▶ **TASK DIRECTIONS**
Print exactly the lines below between the line containing "MLS Image #48" and the line containing "Audi A8 — миниатюра 6", counting both of those lines. Leave pictures out.

▶ **EXERCISE DATA**
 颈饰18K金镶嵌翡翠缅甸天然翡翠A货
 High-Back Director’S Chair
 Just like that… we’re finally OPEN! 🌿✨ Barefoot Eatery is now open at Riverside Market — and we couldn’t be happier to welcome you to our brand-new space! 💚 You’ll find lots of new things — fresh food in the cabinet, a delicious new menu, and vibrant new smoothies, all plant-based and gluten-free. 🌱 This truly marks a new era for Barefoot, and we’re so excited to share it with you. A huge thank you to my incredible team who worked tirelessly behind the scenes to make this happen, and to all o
---
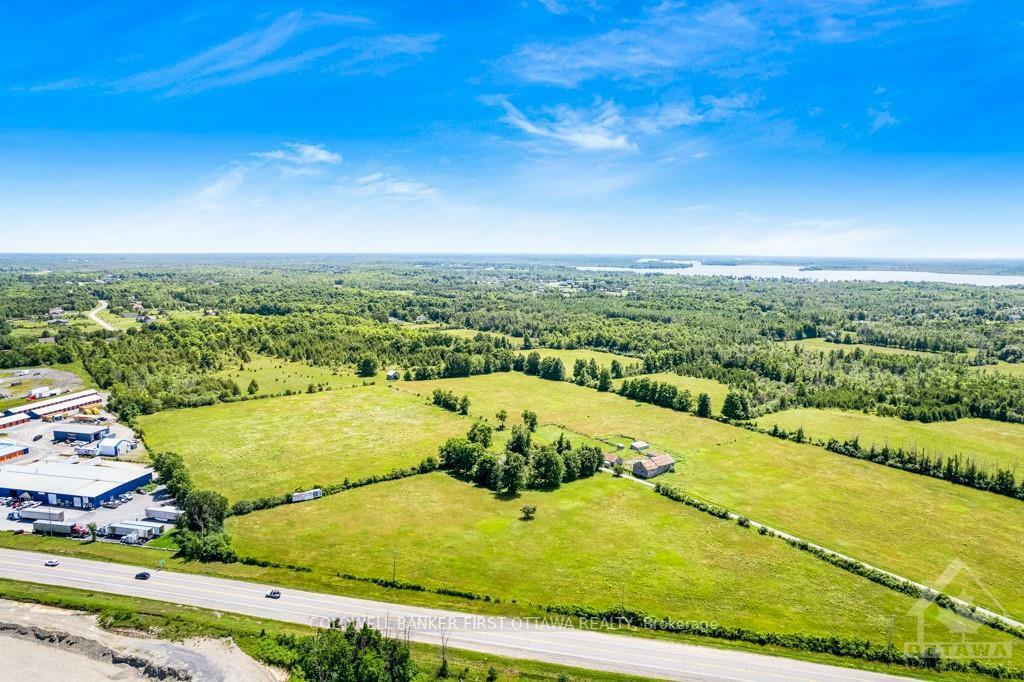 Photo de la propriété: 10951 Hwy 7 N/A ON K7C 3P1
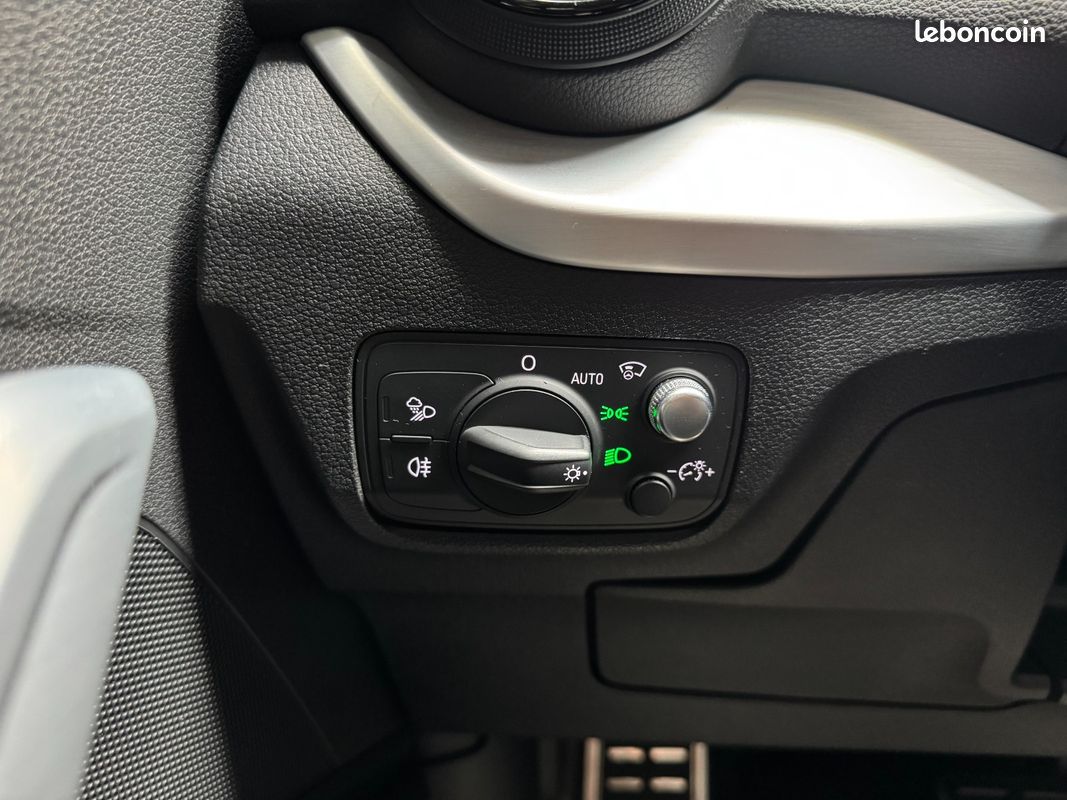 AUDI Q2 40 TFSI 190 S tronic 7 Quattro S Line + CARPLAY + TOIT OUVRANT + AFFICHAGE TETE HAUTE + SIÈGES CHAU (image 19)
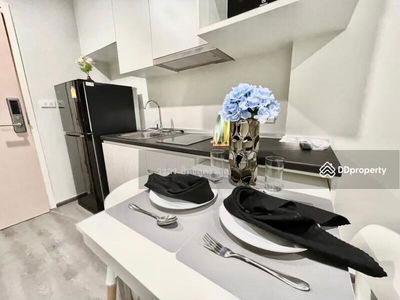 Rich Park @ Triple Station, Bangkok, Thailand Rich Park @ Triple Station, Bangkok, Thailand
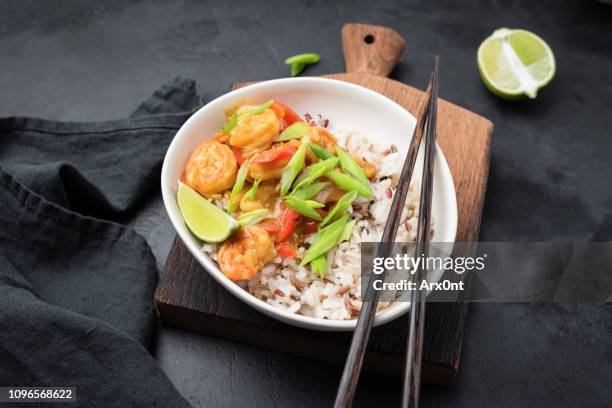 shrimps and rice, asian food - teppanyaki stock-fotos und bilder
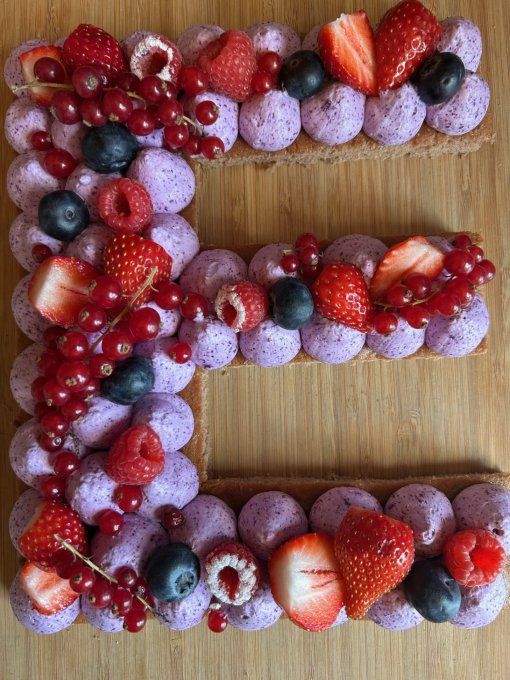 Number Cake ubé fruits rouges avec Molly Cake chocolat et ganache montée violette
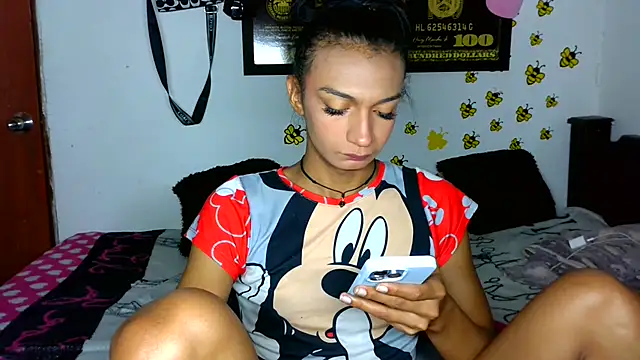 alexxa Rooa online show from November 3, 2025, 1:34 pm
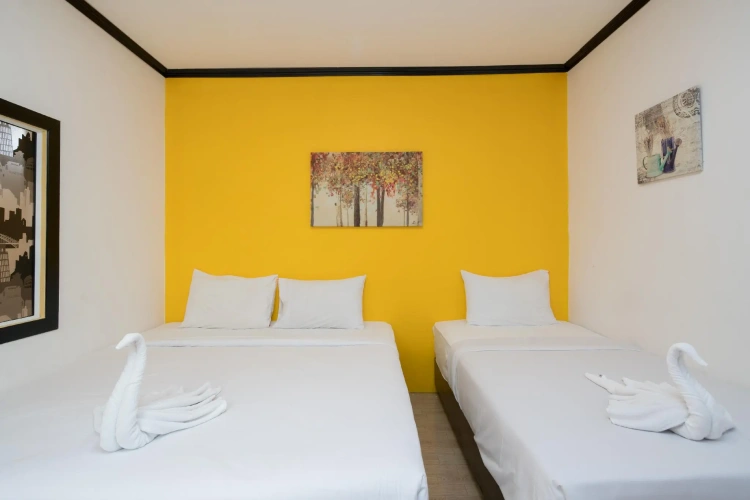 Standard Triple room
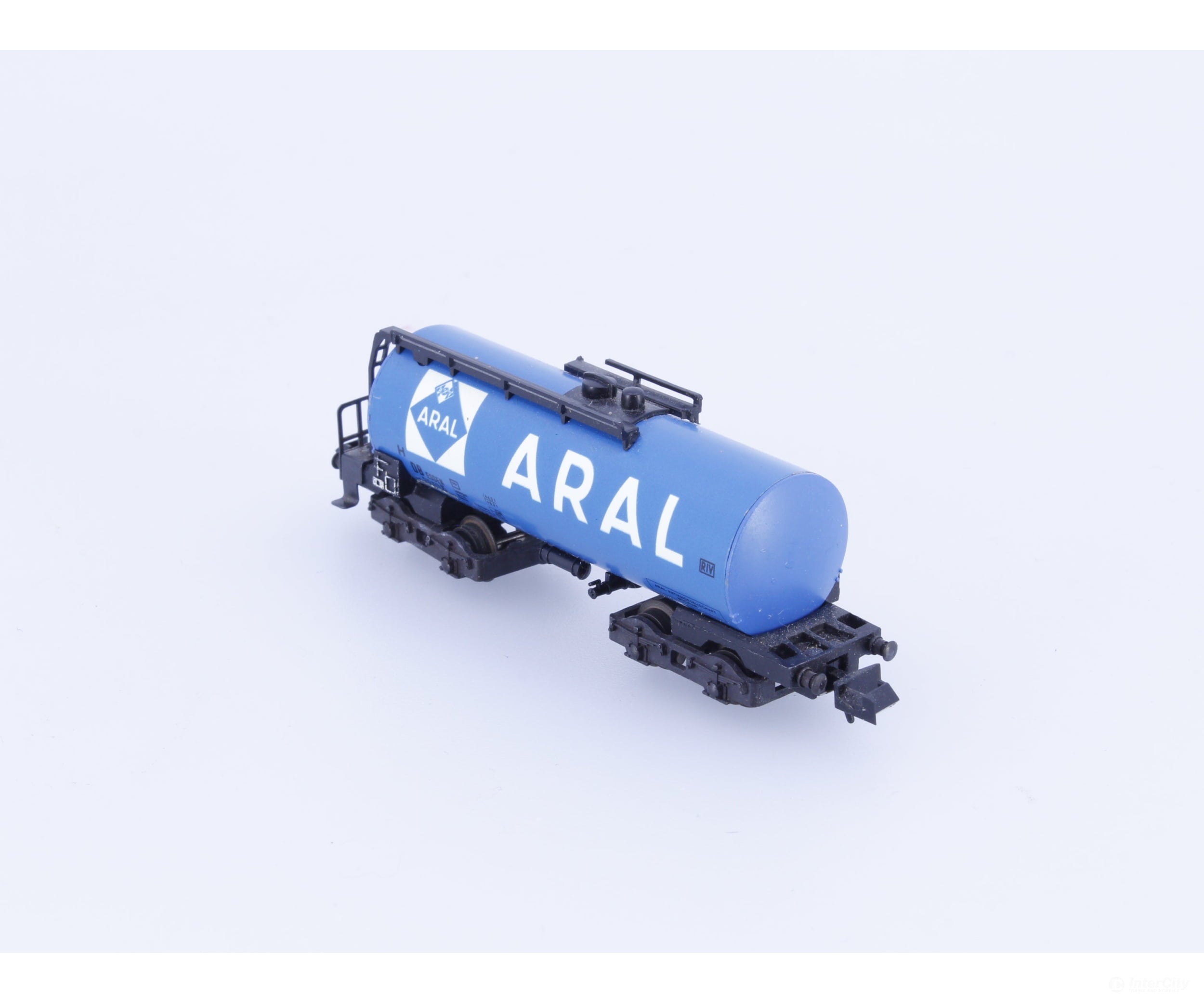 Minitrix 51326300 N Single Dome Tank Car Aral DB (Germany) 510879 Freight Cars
--
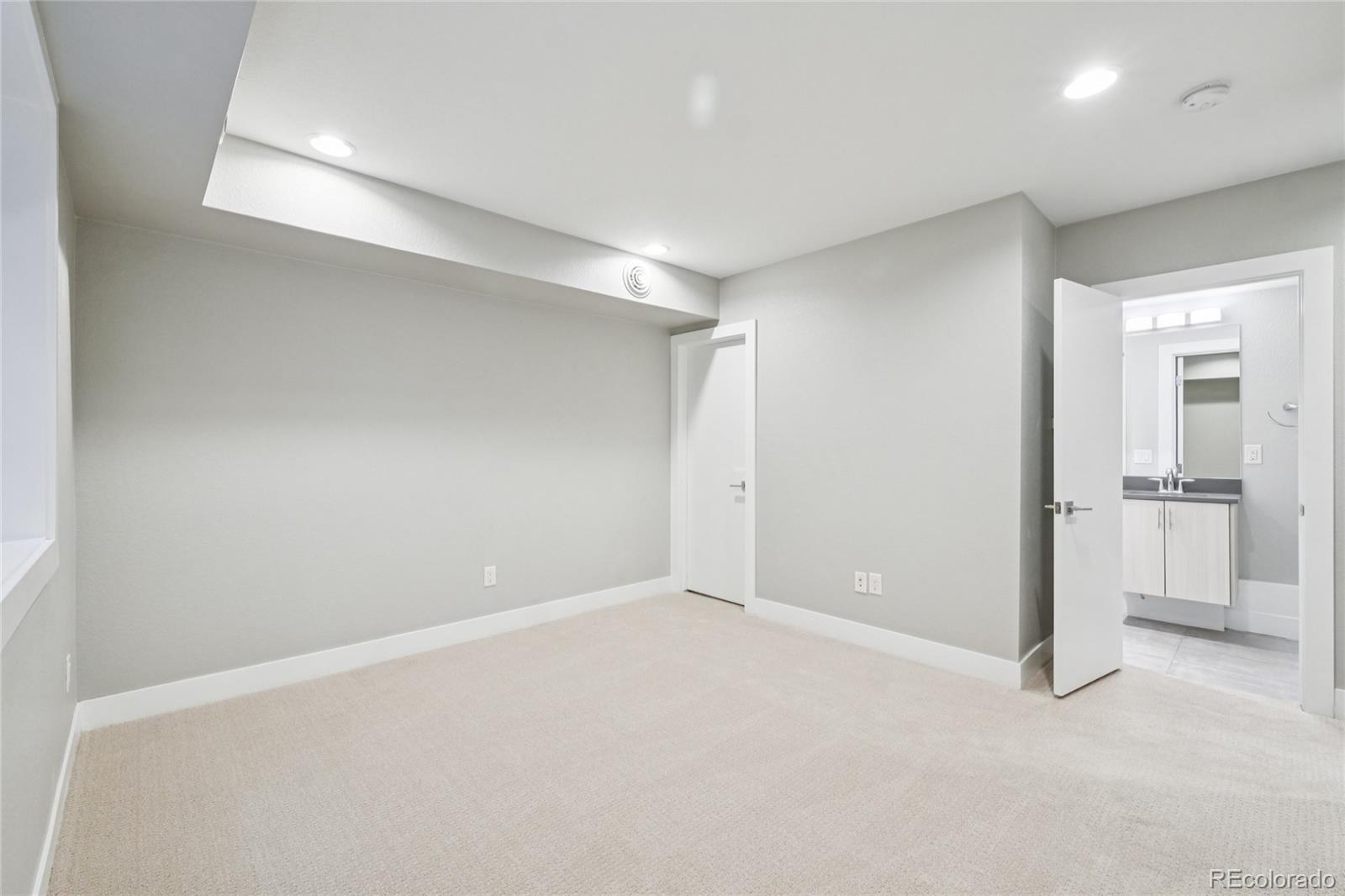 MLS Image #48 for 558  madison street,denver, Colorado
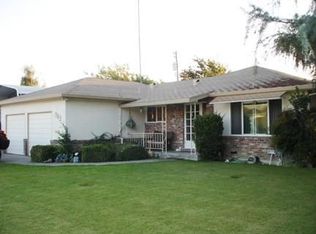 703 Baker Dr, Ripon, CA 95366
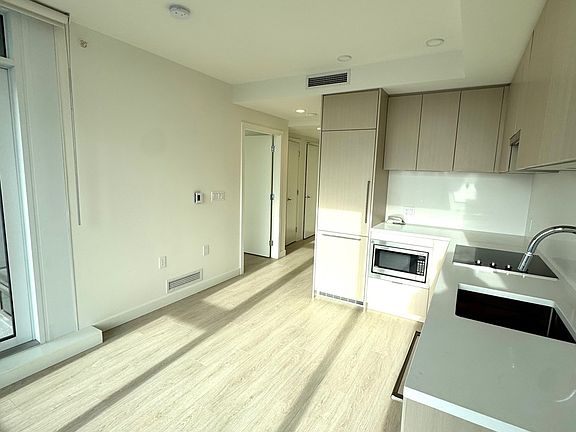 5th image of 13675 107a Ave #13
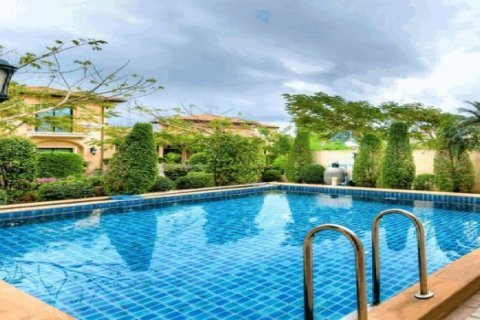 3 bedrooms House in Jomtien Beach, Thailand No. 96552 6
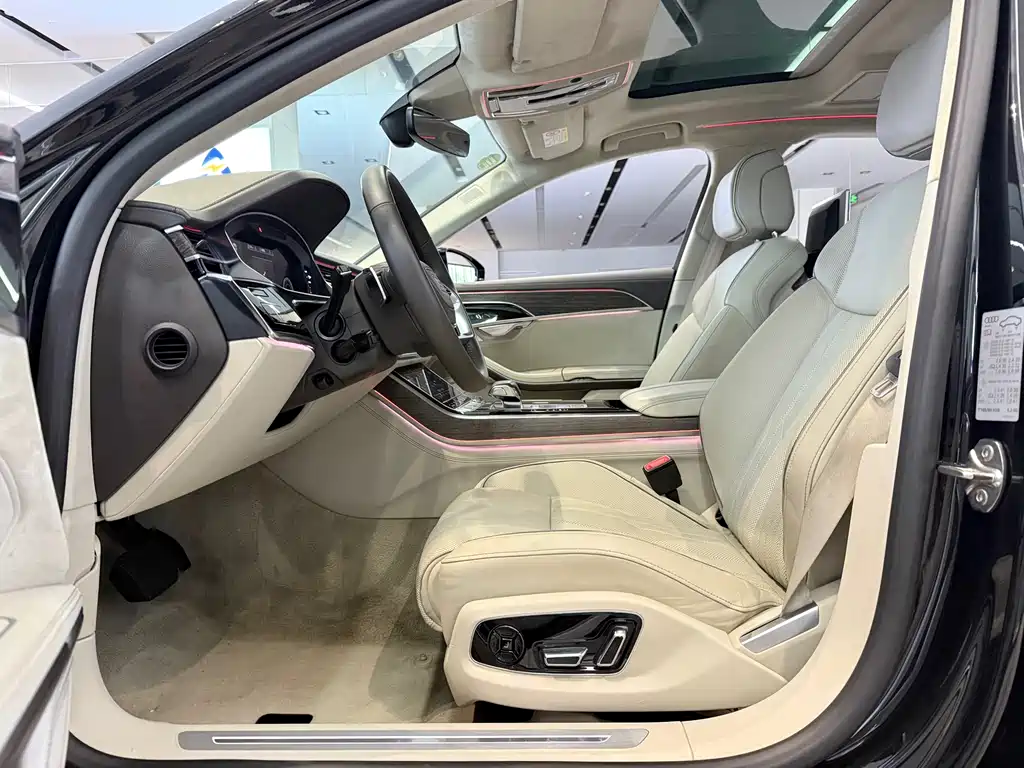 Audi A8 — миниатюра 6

▶ **RESULT OF THE TASK**
 MLS Image #48 for 558  madison street,denver, Colorado
 703 Baker Dr, Ripon, CA 95366
 5th image of 13675 107a Ave #13
 3 bedrooms House in Jomtien Beach, Thailand No. 96552 6
 Audi A8 — миниатюра 6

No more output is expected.